Tuesday, September 27, 2005

Betting On The GG

For what it's worth, Michaelle Jean is getting some good polling numbers in Quebec:

According to the results of a The Globe and Mail/CTV poll, Jean has the potential to build support in Quebec, a province typically reluctant to embrace any vestiges of the British Monarchy.

Unlike the rest of Canada, where 64 per cent of those polled said they think the Governor General's job is an important one, that figure in Quebec was just 37 per cent.

The potential Jean could turn that around however, is found in her overall popularity. In stark contrast to the rest of the country -- where 46 per cent of those surveyed thought her appointment was a good choice -- Jean had the support of 71 per cent in Quebec.
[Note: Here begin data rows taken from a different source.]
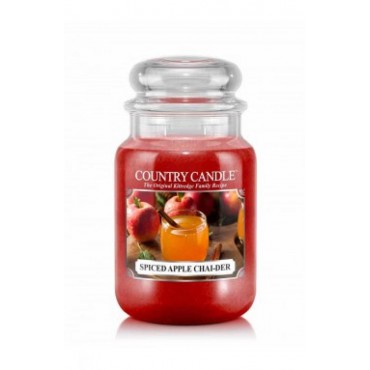 Duża świeca Spiced Apple Chai-der Country Candle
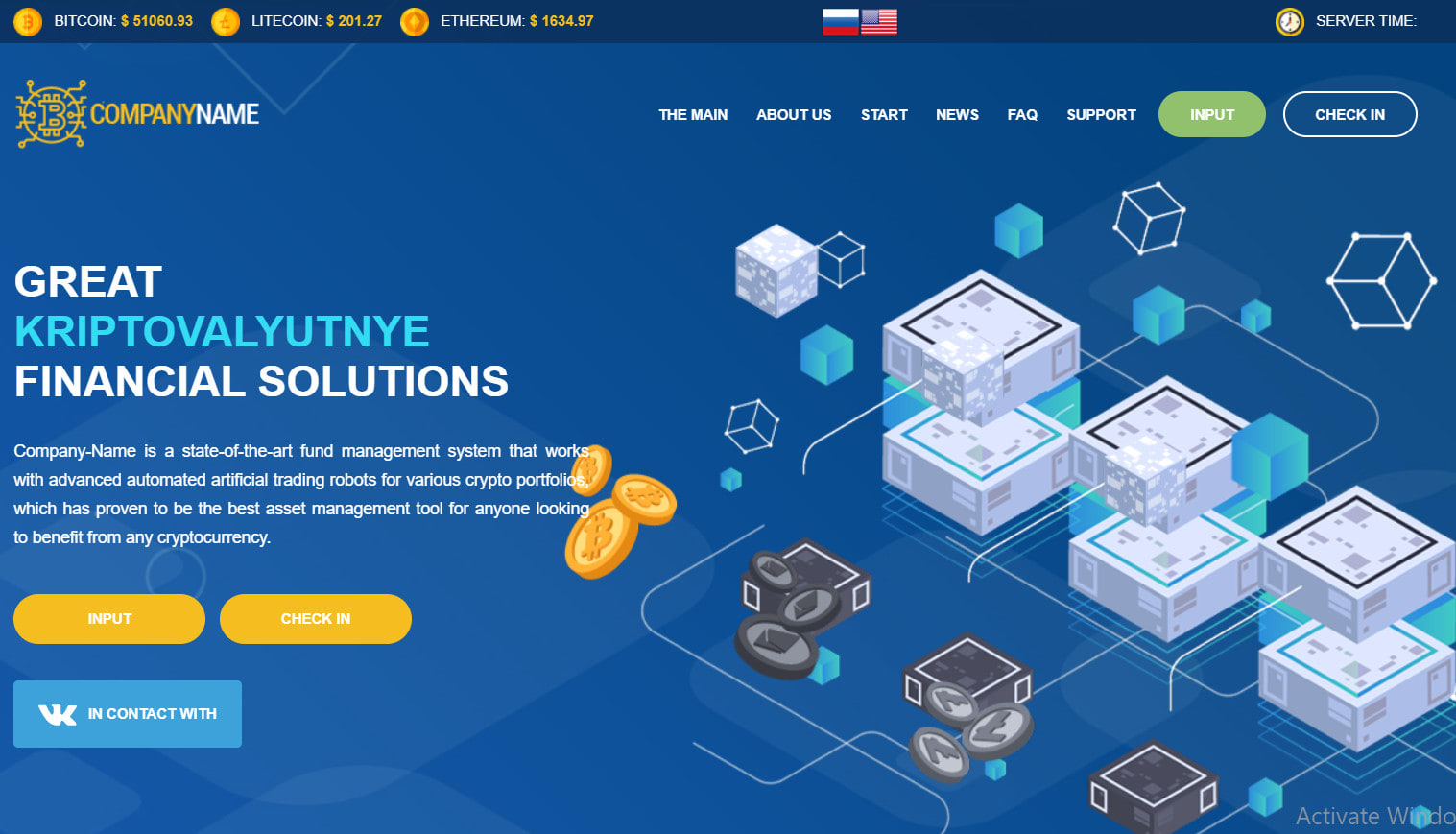 Create investment website for you by Freetechhost | Fiverr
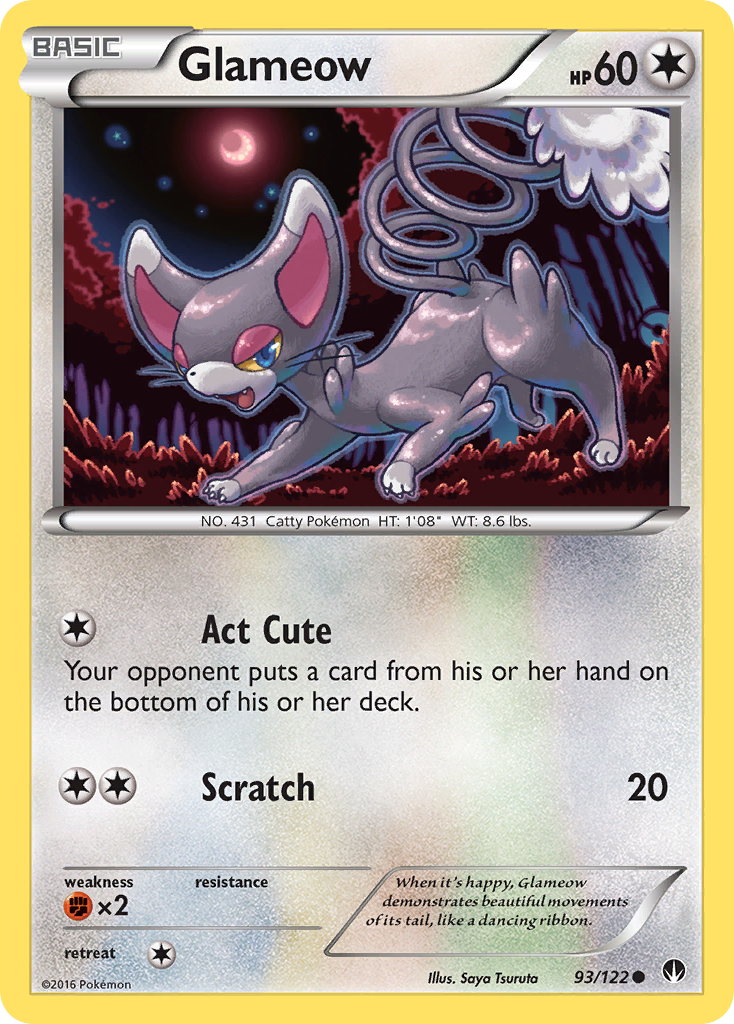 Glameow 93 Common card from BREAKpoint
Jean's popularity also skews to younger adults and women, 65 per cent of whom think her role is important versus 51 per cent of men.

....
As Canadians get to know their new Governor General better, the poll results also suggest Jean can expect her popularity to rise.

After hearing the broad outline of Jean's life story, however, starting from her childhood in Haiti to her emigration and successful career as a multilingual broadcaster, her approval rating jumped from 46 per cent to 63 per cent.


Will the office of governor general now become the exclusive preserve of Quebecois appointees, much as the prime minister's office has effectively become a Quebecois office since Pierre Trudeau?

If so, it will be for even less purpose, because Quebec is not likely to forget the Plains of Abraham and conscription any time soon and embrace the monarchy of les anglais.

The rest of Canada's attachment to the Crown is already fairly weak. Quebec's will always be that much weaker.

If the office is essentially a sinecure for Liberal hacks and affirmative action tokens who do nothing but rubberstamp the PMO's decisions and cut ribbons, why drag the Crown it represents along with it?

Our own growing prime ministerial dictatorship needs an effective executive check to help restore parliamentary democracy in Canada. The tradition of governors general acting only on the advice of their ministers has allowed the Crown to become a tool to subvert democratic government.

A popularly-elected head of state with a democratic mandate to act, when necessary, against a prime minister would carry more legitimacy than an appointed representative of an increasingly foreign monarchy.

Only constitutional inertia prevents Canadians from implementing the best solution: replacing a feeble vice-regent with a powerful president.